ACTIVITY » Start with the line that holds "バリ島のハンガーチャイム【28cm×25cm】 アソート品の商品写真". Please copy it and each remaining line below exactly, leaving pictures out.

DATA BELOW »
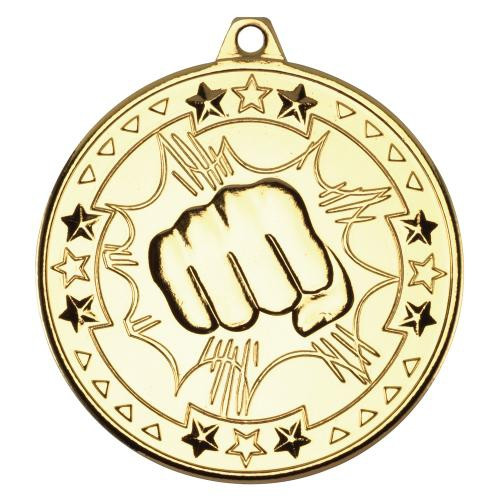 Martial Arts Medals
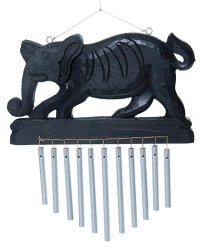 バリ島のハンガーチャイム【28cm×25cm】 アソート品の商品写真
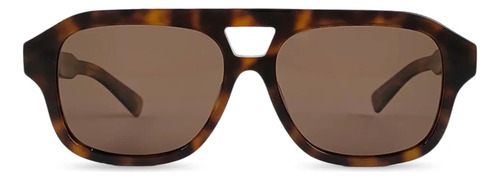 Óculos De Sol Livo Analu Aviador Acetato Policarbonato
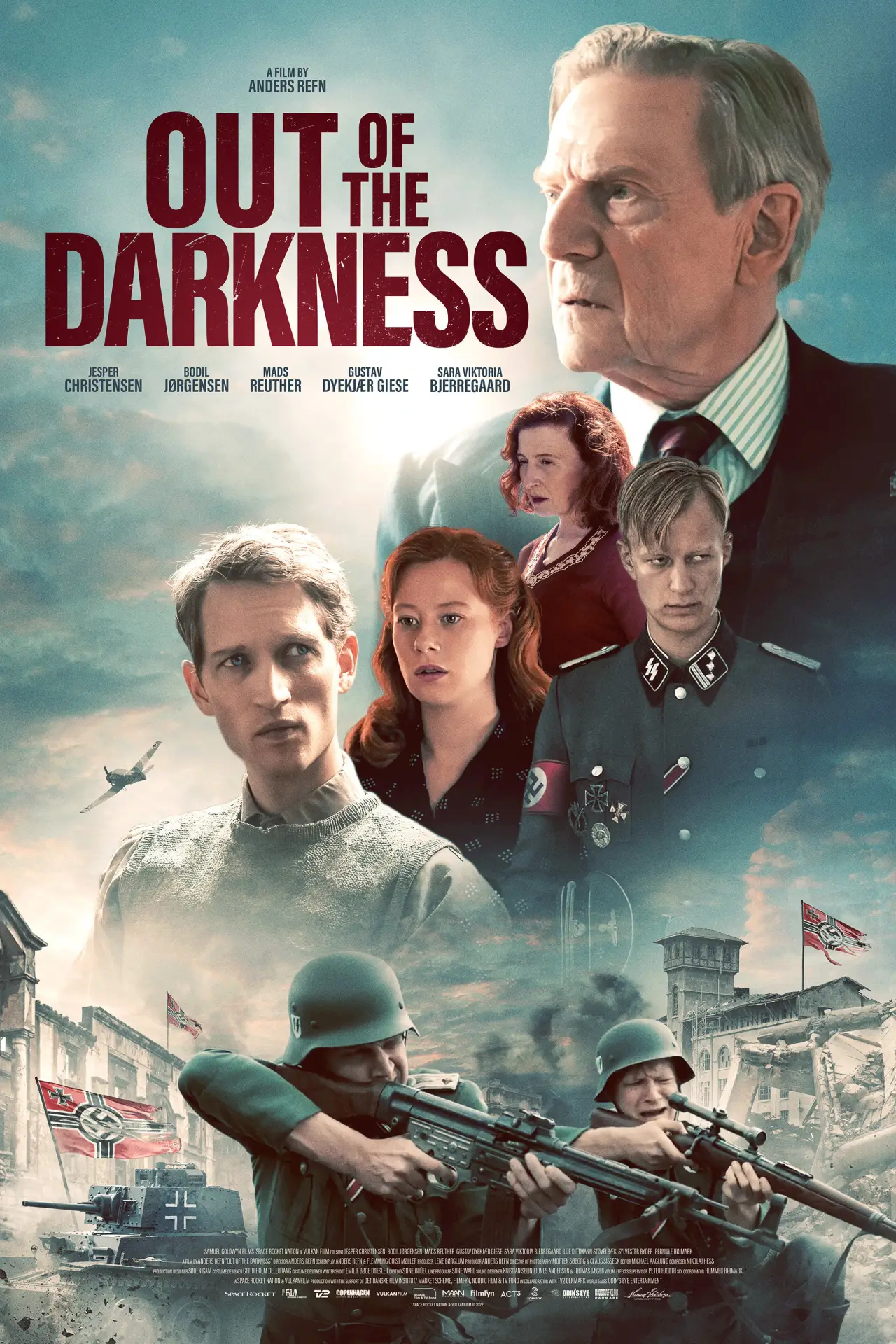 Постер к фильму "De forbandede år 2"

EXERCISE ANSWER »
 バリ島のハンガーチャイム【28cm×25cm】 アソート品の商品写真
 Óculos De Sol Livo Analu Aviador Acetato Policarbonato
 Постер к фильму "De forbandede år 2"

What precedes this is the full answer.